● **EXERCISE INSTRUCTIONS**:
Every entry should be reproduced word for word.

Scraped caption text data
____________

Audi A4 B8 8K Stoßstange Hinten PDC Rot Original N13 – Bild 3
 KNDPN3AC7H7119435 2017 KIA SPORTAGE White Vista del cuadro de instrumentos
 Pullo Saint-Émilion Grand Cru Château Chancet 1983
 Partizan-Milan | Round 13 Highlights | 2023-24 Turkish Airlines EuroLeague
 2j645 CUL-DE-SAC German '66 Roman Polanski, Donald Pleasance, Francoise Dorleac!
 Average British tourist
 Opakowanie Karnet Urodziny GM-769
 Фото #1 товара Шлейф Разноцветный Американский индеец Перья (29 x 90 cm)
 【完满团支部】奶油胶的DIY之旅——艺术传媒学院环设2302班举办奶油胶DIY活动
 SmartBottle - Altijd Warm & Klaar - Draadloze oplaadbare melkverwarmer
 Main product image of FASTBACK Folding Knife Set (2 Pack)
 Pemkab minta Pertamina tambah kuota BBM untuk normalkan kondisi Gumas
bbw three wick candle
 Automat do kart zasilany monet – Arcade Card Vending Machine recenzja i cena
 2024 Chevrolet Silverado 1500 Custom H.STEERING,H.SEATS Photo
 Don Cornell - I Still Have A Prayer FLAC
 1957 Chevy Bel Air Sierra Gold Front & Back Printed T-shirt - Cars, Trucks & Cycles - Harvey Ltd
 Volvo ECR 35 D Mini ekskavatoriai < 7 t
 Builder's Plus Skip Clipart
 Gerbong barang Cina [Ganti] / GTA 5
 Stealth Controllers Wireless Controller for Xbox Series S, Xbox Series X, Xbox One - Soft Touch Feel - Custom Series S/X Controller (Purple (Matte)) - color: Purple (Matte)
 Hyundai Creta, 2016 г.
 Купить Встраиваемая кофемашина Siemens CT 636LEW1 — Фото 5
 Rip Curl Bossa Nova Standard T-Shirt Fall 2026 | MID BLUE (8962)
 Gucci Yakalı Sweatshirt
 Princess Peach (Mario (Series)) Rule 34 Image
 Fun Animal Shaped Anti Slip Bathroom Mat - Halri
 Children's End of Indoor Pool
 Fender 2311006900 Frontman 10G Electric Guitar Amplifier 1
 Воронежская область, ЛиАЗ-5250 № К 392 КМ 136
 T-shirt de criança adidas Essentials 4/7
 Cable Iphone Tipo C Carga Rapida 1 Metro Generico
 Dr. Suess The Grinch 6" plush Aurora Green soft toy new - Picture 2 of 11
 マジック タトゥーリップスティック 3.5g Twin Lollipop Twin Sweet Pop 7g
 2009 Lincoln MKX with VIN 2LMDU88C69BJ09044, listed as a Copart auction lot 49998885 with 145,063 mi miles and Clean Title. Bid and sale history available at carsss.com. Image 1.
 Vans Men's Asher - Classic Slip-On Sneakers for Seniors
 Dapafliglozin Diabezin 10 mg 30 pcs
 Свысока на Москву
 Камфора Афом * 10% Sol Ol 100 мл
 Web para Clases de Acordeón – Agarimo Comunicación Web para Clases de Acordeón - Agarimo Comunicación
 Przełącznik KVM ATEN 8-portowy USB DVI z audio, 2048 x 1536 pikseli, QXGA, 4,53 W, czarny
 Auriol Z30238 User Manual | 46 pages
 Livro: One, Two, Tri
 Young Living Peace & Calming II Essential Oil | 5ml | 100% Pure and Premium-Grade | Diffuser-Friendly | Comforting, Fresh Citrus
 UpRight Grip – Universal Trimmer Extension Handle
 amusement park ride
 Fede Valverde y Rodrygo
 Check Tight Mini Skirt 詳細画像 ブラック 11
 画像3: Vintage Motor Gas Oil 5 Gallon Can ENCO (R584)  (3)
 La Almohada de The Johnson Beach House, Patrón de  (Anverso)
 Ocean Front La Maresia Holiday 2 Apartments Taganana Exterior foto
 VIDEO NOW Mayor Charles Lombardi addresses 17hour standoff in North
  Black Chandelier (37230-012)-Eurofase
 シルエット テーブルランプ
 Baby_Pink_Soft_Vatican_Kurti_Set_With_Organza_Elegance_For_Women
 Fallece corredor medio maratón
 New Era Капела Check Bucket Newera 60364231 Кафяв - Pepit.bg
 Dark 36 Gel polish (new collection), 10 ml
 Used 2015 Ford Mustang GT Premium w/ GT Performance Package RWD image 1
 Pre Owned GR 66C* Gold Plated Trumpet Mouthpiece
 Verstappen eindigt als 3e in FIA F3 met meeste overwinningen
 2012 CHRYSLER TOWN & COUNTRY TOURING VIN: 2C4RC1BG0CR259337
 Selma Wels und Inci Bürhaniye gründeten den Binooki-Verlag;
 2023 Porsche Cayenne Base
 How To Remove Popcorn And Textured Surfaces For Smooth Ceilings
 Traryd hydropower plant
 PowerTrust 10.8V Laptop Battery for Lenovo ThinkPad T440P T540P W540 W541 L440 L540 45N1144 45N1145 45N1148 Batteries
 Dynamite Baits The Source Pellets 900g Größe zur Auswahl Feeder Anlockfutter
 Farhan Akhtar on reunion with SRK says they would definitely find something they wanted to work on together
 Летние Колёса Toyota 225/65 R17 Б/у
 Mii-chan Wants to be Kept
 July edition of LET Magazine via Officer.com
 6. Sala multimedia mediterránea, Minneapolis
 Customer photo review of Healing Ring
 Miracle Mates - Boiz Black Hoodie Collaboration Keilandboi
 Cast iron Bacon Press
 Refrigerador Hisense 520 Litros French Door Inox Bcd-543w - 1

____________

● **OUTPUT**:
Audi A4 B8 8K Stoßstange Hinten PDC Rot Original N13 – Bild 3
 KNDPN3AC7H7119435 2017 KIA SPORTAGE White Vista del cuadro de instrumentos
 Pullo Saint-Émilion Grand Cru Château Chancet 1983
 Partizan-Milan | Round 13 Highlights | 2023-24 Turkish Airlines EuroLeague
 2j645 CUL-DE-SAC German '66 Roman Polanski, Donald Pleasance, Francoise Dorleac!
 Average British tourist
 Opakowanie Karnet Urodziny GM-769
 Фото #1 товара Шлейф Разноцветный Американский индеец Перья (29 x 90 cm)
 【完满团支部】奶油胶的DIY之旅——艺术传媒学院环设2302班举办奶油胶DIY活动
 SmartBottle - Altijd Warm & Klaar - Draadloze oplaadbare melkverwarmer
 Main product image of FASTBACK Folding Knife Set (2 Pack)
 Pemkab minta Pertamina tambah kuota BBM untuk normalkan kondisi Gumas
bbw three wick candle
 Automat do kart zasilany monet – Arcade Card Vending Machine recenzja i cena
 2024 Chevrolet Silverado 1500 Custom H.STEERING,H.SEATS Photo
 Don Cornell - I Still Have A Prayer FLAC
 1957 Chevy Bel Air Sierra Gold Front & Back Printed T-shirt - Cars, Trucks & Cycles - Harvey Ltd
 Volvo ECR 35 D Mini ekskavatoriai < 7 t
 Builder's Plus Skip Clipart
 Gerbong barang Cina [Ganti] / GTA 5
 Stealth Controllers Wireless Controller for Xbox Series S, Xbox Series X, Xbox One - Soft Touch Feel - Custom Series S/X Controller (Purple (Matte)) - color: Purple (Matte)
 Hyundai Creta, 2016 г.
 Купить Встраиваемая кофемашина Siemens CT 636LEW1 — Фото 5
 Rip Curl Bossa Nova Standard T-Shirt Fall 2026 | MID BLUE (8962)
 Gucci Yakalı Sweatshirt
 Princess Peach (Mario (Series)) Rule 34 Image
 Fun Animal Shaped Anti Slip Bathroom Mat - Halri
 Children's End of Indoor Pool
 Fender 2311006900 Frontman 10G Electric Guitar Amplifier 1
 Воронежская область, ЛиАЗ-5250 № К 392 КМ 136
 T-shirt de criança adidas Essentials 4/7
 Cable Iphone Tipo C Carga Rapida 1 Metro Generico
 Dr. Suess The Grinch 6" plush Aurora Green soft toy new - Picture 2 of 11
 マジック タトゥーリップスティック 3.5g Twin Lollipop Twin Sweet Pop 7g
 2009 Lincoln MKX with VIN 2LMDU88C69BJ09044, listed as a Copart auction lot 49998885 with 145,063 mi miles and Clean Title. Bid and sale history available at carsss.com. Image 1.
 Vans Men's Asher - Classic Slip-On Sneakers for Seniors
 Dapafliglozin Diabezin 10 mg 30 pcs
 Свысока на Москву
 Камфора Афом * 10% Sol Ol 100 мл
 Web para Clases de Acordeón – Agarimo Comunicación Web para Clases de Acordeón - Agarimo Comunicación
 Przełącznik KVM ATEN 8-portowy USB DVI z audio, 2048 x 1536 pikseli, QXGA, 4,53 W, czarny
 Auriol Z30238 User Manual | 46 pages
 Livro: One, Two, Tri
 Young Living Peace & Calming II Essential Oil | 5ml | 100% Pure and Premium-Grade | Diffuser-Friendly | Comforting, Fresh Citrus
 UpRight Grip – Universal Trimmer Extension Handle
 amusement park ride
 Fede Valverde y Rodrygo
 Check Tight Mini Skirt 詳細画像 ブラック 11
 画像3: Vintage Motor Gas Oil 5 Gallon Can ENCO (R584)  (3)
 La Almohada de The Johnson Beach House, Patrón de  (Anverso)
 Ocean Front La Maresia Holiday 2 Apartments Taganana Exterior foto
 VIDEO NOW Mayor Charles Lombardi addresses 17hour standoff in North
  Black Chandelier (37230-012)-Eurofase
 シルエット テーブルランプ
 Baby_Pink_Soft_Vatican_Kurti_Set_With_Organza_Elegance_For_Women
 Fallece corredor medio maratón
 New Era Капела Check Bucket Newera 60364231 Кафяв - Pepit.bg
 Dark 36 Gel polish (new collection), 10 ml
 Used 2015 Ford Mustang GT Premium w/ GT Performance Package RWD image 1
 Pre Owned GR 66C* Gold Plated Trumpet Mouthpiece
 Verstappen eindigt als 3e in FIA F3 met meeste overwinningen
 2012 CHRYSLER TOWN & COUNTRY TOURING VIN: 2C4RC1BG0CR259337
 Selma Wels und Inci Bürhaniye gründeten den Binooki-Verlag;
 2023 Porsche Cayenne Base
 How To Remove Popcorn And Textured Surfaces For Smooth Ceilings
 Traryd hydropower plant
 PowerTrust 10.8V Laptop Battery for Lenovo ThinkPad T440P T540P W540 W541 L440 L540 45N1144 45N1145 45N1148 Batteries
 Dynamite Baits The Source Pellets 900g Größe zur Auswahl Feeder Anlockfutter
 Farhan Akhtar on reunion with SRK says they would definitely find something they wanted to work on together
 Летние Колёса Toyota 225/65 R17 Б/у
 Mii-chan Wants to be Kept
 July edition of LET Magazine via Officer.com
 6. Sala multimedia mediterránea, Minneapolis
 Customer photo review of Healing Ring
 Miracle Mates - Boiz Black Hoodie Collaboration Keilandboi
 Cast iron Bacon Press
 Refrigerador Hisense 520 Litros French Door Inox Bcd-543w - 1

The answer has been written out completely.